L’Alta rappresentante per la politica estera dell’Unione europea, Kaja Kallas, ha detto che l’Unione europea è pronta a rivedere il trattato economico del 2000 tra Ue e Israele, dando così sostegno a un'iniziativa promossa dal governo olandese per fare pressione su Israele affinché rimuova il blocco agli aiuti che sta uccidendo i palestinesi per fame e sete, dopo averli bombardati per oltre un anno.
E’ una minaccia poco più che simbolica, visto che rivedere un accordo commerciale è un processo lungo, e non è niente di comparabile alle sanzioni che hanno colpito nel giro di pochi giorni Vladimir Putin e molti esponenti del potere russo all’indomani dell’invasione dell’Ucraina nel febbraio 2022.
La Gran Bretagna di Keir Starmer ha annunciato sanzioni contro i coloni illegali in Cisgiordania, ma dentro l’Ue non c’è consenso sufficiente a passare dagli auspici alle azioni concrete per cambiare la traiettoria del massacro di Gaza.

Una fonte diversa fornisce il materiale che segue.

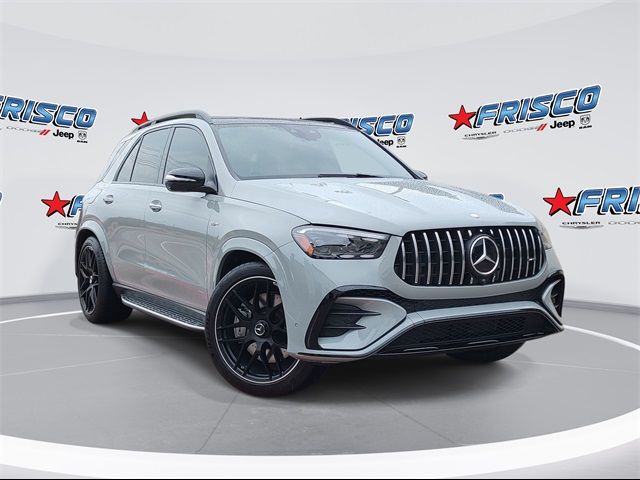 2024 Mercedes-Benz GLE AMG 53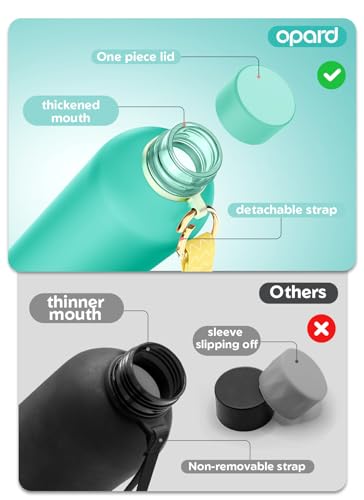 Slim Water Bottle 32oz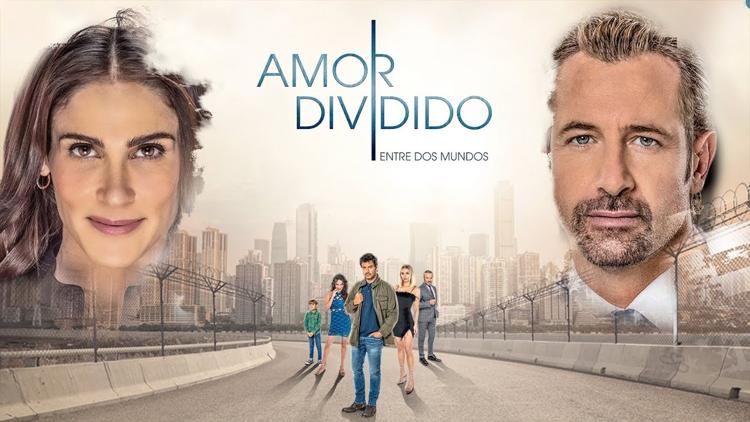 Постер Amor dividido: Entre dos mundos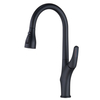 SLY Brushed Gun Metal Cheapest Hot Sale Single Handle Kitchen Faucet Pull Down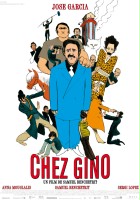 plakat filmu Chez Gino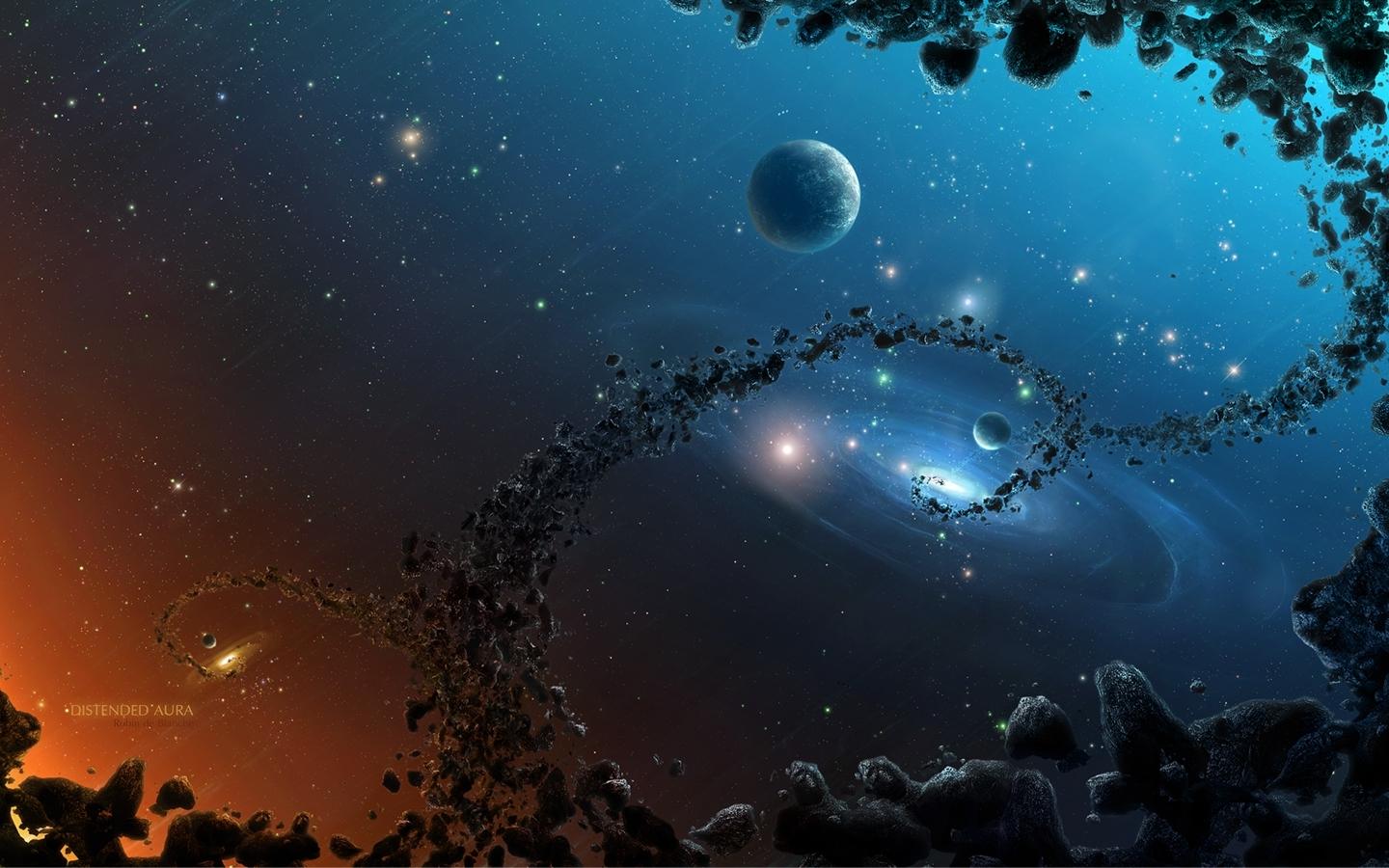 什么是小行星带图片 0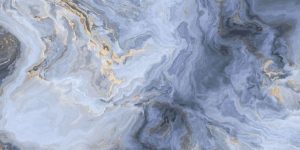 КЕРАМОГРАНИТ ARABESQUE BLUE POLISHED 60X120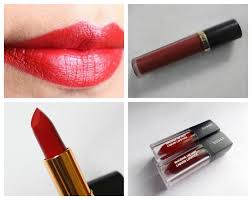 10 red lipsticks for dusky indian skin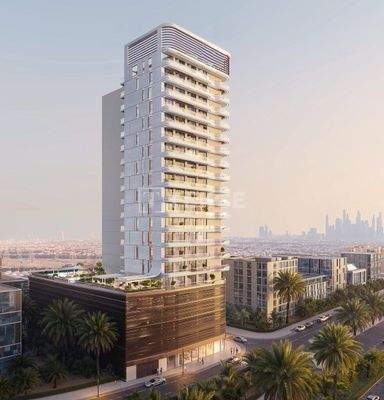 Apartments with Post-Handover Payment Plans in Dubai JVT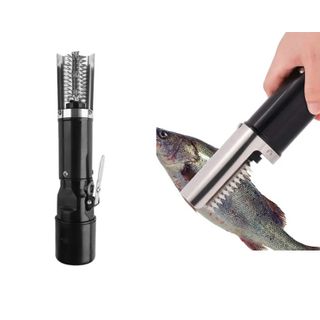 Stainless Steel Electric Fish Scaler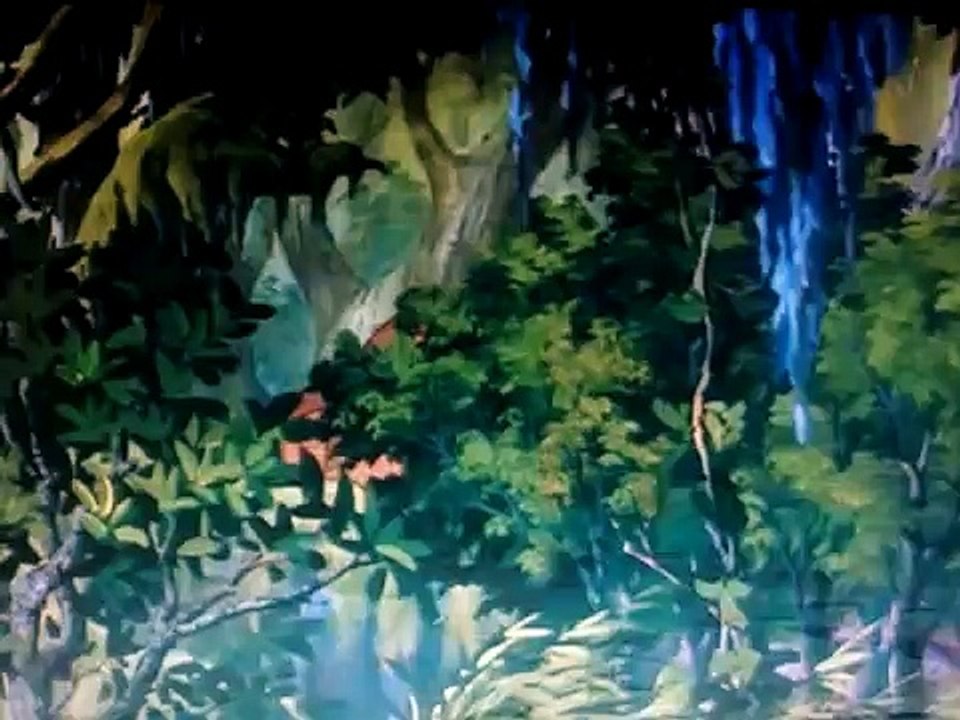 Simba VS Shere Khan (parte 4) - Cartoon Full HD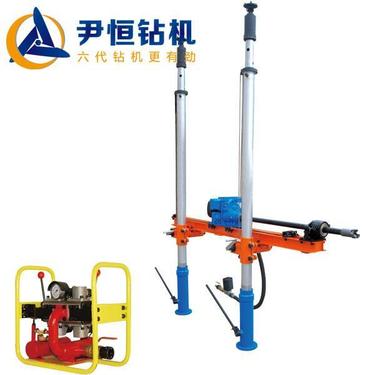 ZQJC-950/9.9S双立柱气动架柱式钻机煤矿井用带正反转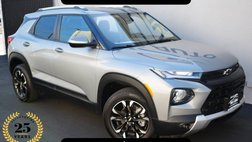 2023 Chevrolet TrailBlazer LT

Invece di prorogare la tregua decisa a inizio anno, Netanyahu ha approvato una nuova occupazione della Striscia di Gaza dagli esiti incerti ma sicuramente tragici per i palestinesi. Una operazione che neppure gli Stati Uniti di Donald Trump approvano.
Quello che succederà ai palestinesi nelle prossime settimane, forse anche nelle prossime ore, definirà se non gli equilibri di potere sicuramente gli equilibri morali del Medio Oriente nei prossimi anni.
Anche se lo sterminio di un popolo per fame non indigna quanto gli spari in aria che spaventano i diplomatici.